その正体はなんと、トラップボックスだった!
「無理無理無理無理!!」
宝箱が半分に割れた先には、鋭利な刃先がびっしり。
明確な殺意を感じる。
刃先をすんでのところで躱して私はそんな悲鳴を上げた。
「絶対、今の食らってたら死んでた……!」
「状態異常にも強いようでがすな。アッシの兜割りが通用しないでげす」
「じゃあゼシカ、エイトにバイキルトを──おぉぉ!?」
足元から氷の柱が突き出てきた。
あいつ、メダパニに飽き足らず、ヒャダルコまで唱えるんかい!!
ゼシカがマジックバリアを張ってくれてなかったら危なかった。
「おりゃあああ! 火炎斬り!!」
もはや物理に物を言わせることしかできず、剣先に炎を宿らせてトラップボックスへ切りつける。

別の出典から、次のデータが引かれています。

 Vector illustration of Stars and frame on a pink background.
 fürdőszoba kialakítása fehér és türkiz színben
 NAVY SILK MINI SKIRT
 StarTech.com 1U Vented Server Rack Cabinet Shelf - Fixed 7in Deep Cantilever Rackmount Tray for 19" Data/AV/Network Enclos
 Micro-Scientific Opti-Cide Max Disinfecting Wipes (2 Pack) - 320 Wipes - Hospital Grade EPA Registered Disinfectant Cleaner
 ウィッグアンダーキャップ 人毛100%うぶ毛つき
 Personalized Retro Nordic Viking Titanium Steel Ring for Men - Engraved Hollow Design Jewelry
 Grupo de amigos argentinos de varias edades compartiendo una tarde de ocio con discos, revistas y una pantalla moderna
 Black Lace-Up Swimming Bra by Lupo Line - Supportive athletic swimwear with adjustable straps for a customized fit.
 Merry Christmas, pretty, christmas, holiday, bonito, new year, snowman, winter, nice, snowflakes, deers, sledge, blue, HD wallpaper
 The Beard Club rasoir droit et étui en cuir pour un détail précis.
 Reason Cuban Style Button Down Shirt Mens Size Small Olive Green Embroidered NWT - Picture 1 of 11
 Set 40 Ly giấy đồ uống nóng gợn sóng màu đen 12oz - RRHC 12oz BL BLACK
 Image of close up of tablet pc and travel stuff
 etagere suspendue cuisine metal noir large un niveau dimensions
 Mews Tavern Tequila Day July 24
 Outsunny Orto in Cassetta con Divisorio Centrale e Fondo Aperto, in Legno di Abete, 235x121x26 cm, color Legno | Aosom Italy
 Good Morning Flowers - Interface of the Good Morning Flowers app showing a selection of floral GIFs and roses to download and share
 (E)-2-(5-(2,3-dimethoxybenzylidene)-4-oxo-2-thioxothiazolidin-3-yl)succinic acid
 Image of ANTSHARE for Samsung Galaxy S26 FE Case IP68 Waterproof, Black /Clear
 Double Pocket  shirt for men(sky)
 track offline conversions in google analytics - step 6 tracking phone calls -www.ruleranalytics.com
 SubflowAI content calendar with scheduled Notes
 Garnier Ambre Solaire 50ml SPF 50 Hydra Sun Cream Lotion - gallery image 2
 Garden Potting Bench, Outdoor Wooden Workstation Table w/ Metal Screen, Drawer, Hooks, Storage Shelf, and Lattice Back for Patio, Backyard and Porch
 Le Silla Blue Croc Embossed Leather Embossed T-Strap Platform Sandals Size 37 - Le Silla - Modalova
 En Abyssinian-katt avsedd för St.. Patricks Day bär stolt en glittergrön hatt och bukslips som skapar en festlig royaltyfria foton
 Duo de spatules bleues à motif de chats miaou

間合いを取ろうと足に力を込めた瞬間、一瞬だけ目の前がふっと暗くなった。
トラップボックスの唸り声が聞こえる。
「う……っ!」
トラップボックスの刃先が左腕を掠めた。
ぱっと血が飛び散って、腕の感覚が引いていく。
ふらつきながらもトラップボックスから離れたタイミングで、ククールのベホイミがかけられた。
「ありがと、ククール……!」
「少し前に出すぎじゃないのか? 突っ込むのはエイトとヤンガスに任せておいたほうがいいぞ」
「う、うん……」
しゃがれた叫び声と共に、両側からトラップボックスの腕が迫る。
今度はしっかりと避けられた。
ヤンガスの攻撃が決まって、トラップボックスが追撃を嫌がるみたいに間合いを取る。
「……やっぱり変だ。あいつ、物理攻撃になるとレイラばかり狙ってくる」
「え、そうなの!?」
「勘違いじゃないはず──っく!」
足元から勢いよく伸びてきた氷の柱。
ゼシカの傷が酷くなっているのが見えて、咄嗟にベホイミを唱えた。
ありがとう、とゼシカが立ち上がった瞬間──その横顔が引き攣った。
「レイラ、危ない……!!」
エイトの悲鳴が届く直前。
私の眼前に、トラップボックスが飛びかかってきた。
今までに見せたことのない動きで、私の反応が遅れる。
間合いへの侵入を許した瞬間──私の上半身に、鋭利な刃先がいくつも食い込んだ。
「レイラ!?」
「姉貴!!」
とてつもない力で、階段下の床に叩き付けられる。
凄まじい音が響いて視界がぐるんぐるん回った。
手から鋼の剣が飛んでいって、それは甲高い金属音を残して鉄柵にぶつかった。
「あいつ、レイラを殺すつもりだぞ!!」
「させない──!!」
意識が半分ほど飛んで、身体に力が入らない。
トラップボックスが私に向かって両腕を振り下ろす。
(避けなきゃ──)
ほんの一瞬、奴の動きを止められれば。
身体が動かないなら、呪文で攻撃すればいい。
そう決めた瞬間、ほぼ無意識だった。
「──イオラ」
飛びかかろうとしていたトラップボックスの眼前で大爆発が起こる。
吹き飛ばされたトラップボックスと入れ違いで、誰かが私の体を抱えた。
「大丈夫?」
「エイト……」
エイトの両腕が私を抱き上げて、戦闘から離れたところに私を降ろした。
ベホイミが唱えられて、私の身体の傷が塞がっていく。
「あいつは僕達で倒すから、レイラはここで休んでて」
「うん……ありがとう……」
戦線離脱は嫌だったけど、今はその言葉に甘えておこう。
エイトが頷いて、階段を駆け上がっていく。
トラップボックスはまだ私を標的にしているみたいだけど、ゼシカの呪文に足止めされて、更にエイトとヤンガスの攻撃もあるから、それどころではない様子だ。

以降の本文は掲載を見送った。